> [Your instructions]
All that is wanted is the exact lines from the one with "Afiche educativo colorido" through the last line of the entries, with both ends kept and every picture left out.

:: Data provided

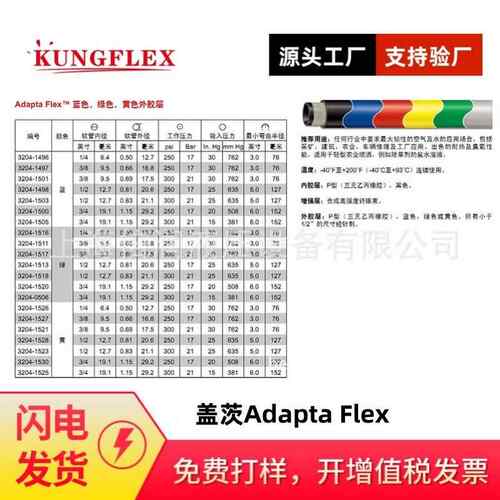 Adapta Flex黑色软管 Plant Master™ 软管 ARPM C 级耐油等级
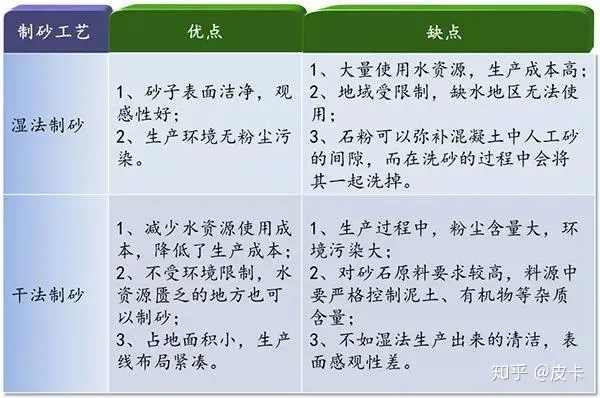 湿法制砂和干法制砂的区别，你还不知道吗(图3)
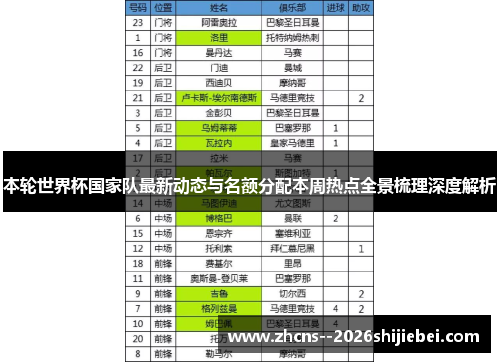 本轮世界杯国家队最新动态与名额分配本周热点全景梳理深度解析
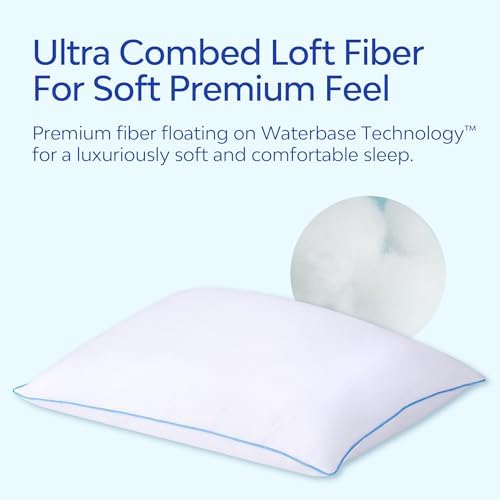 Mediflow Elite Fiber Water Pillow Protector Value Pack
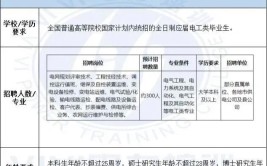 挂科还能参加考试么来看看国家电网校园招聘考试的5个基本要求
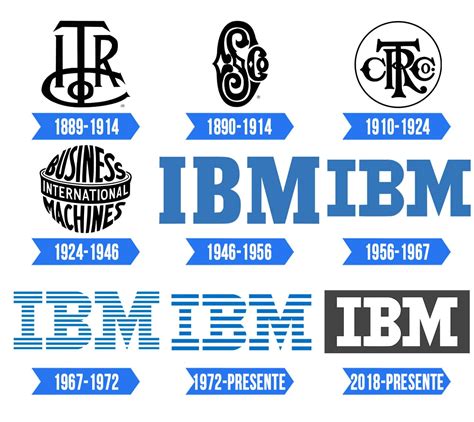 Logo De Ibm La Historia Y El Significado Del Logotipo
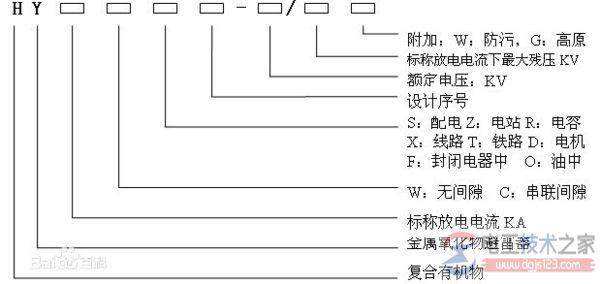 氧化锌避雷器型号含义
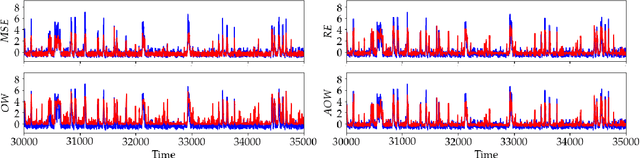 Figure 3 for Output-weighted and relative entropy loss functions for deep learning precursors of extreme events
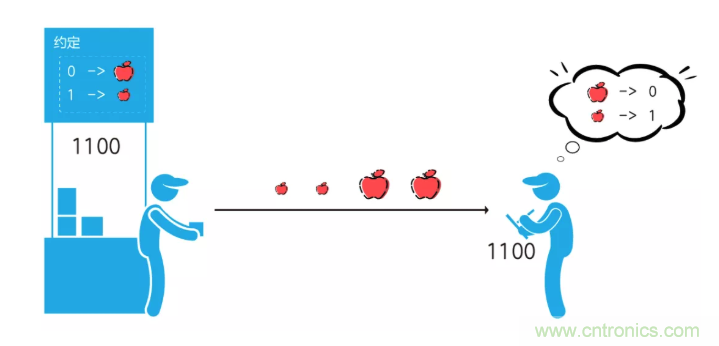 5G調(diào)制怎么實(shí)現(xiàn)的？原來通信搞到最后，都是數(shù)學(xué)!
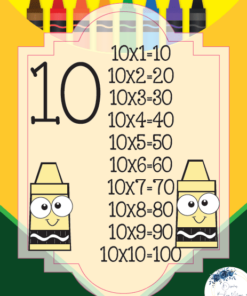 Afiche educativo colorido que presenta Tablas de multiplicar temáticas crayolas de 10, con crayones de dibujos animados como personajes, sobre un fondo de lápices multicolores.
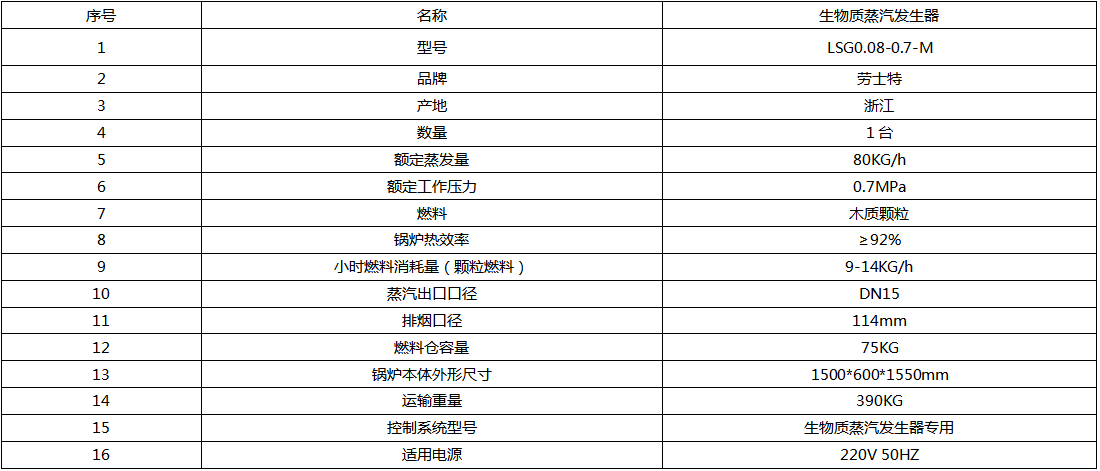 性能参数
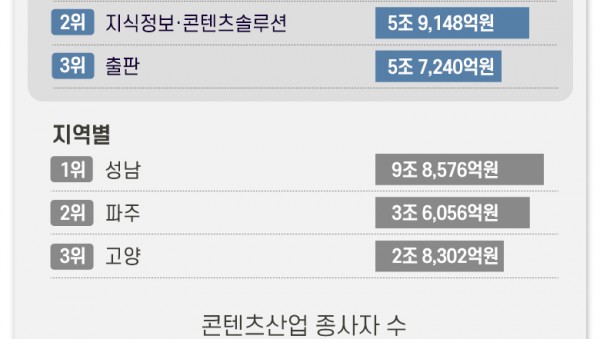 그래픽보도자료1.jpg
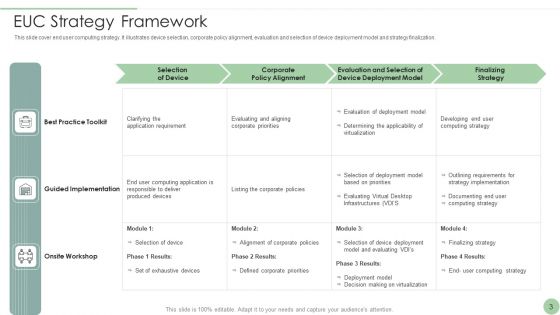 EUC Ppt PowerPoint Presentation Complete Deck With Slides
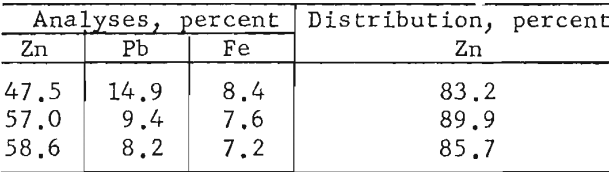 flotation-analyses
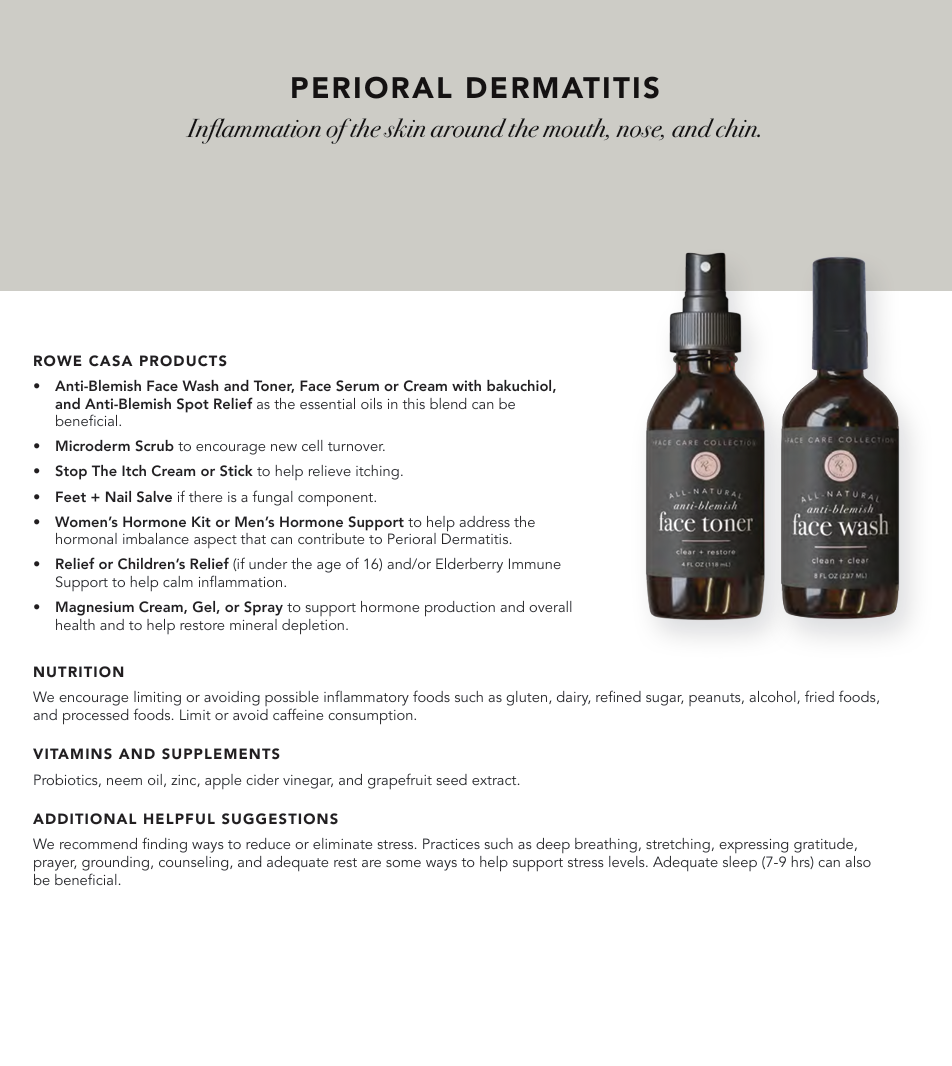 Wellness Recommendations Guide – Print or Digital Copy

::::

> [Reply to the task]
 Afiche educativo colorido que presenta Tablas de multiplicar temáticas crayolas de 10, con crayones de dibujos animados como personajes, sobre un fondo de lápices multicolores.
 性能参数
 그래픽보도자료1.jpg
 EUC Ppt PowerPoint Presentation Complete Deck With Slides
 flotation-analyses
 Wellness Recommendations Guide – Print or Digital Copy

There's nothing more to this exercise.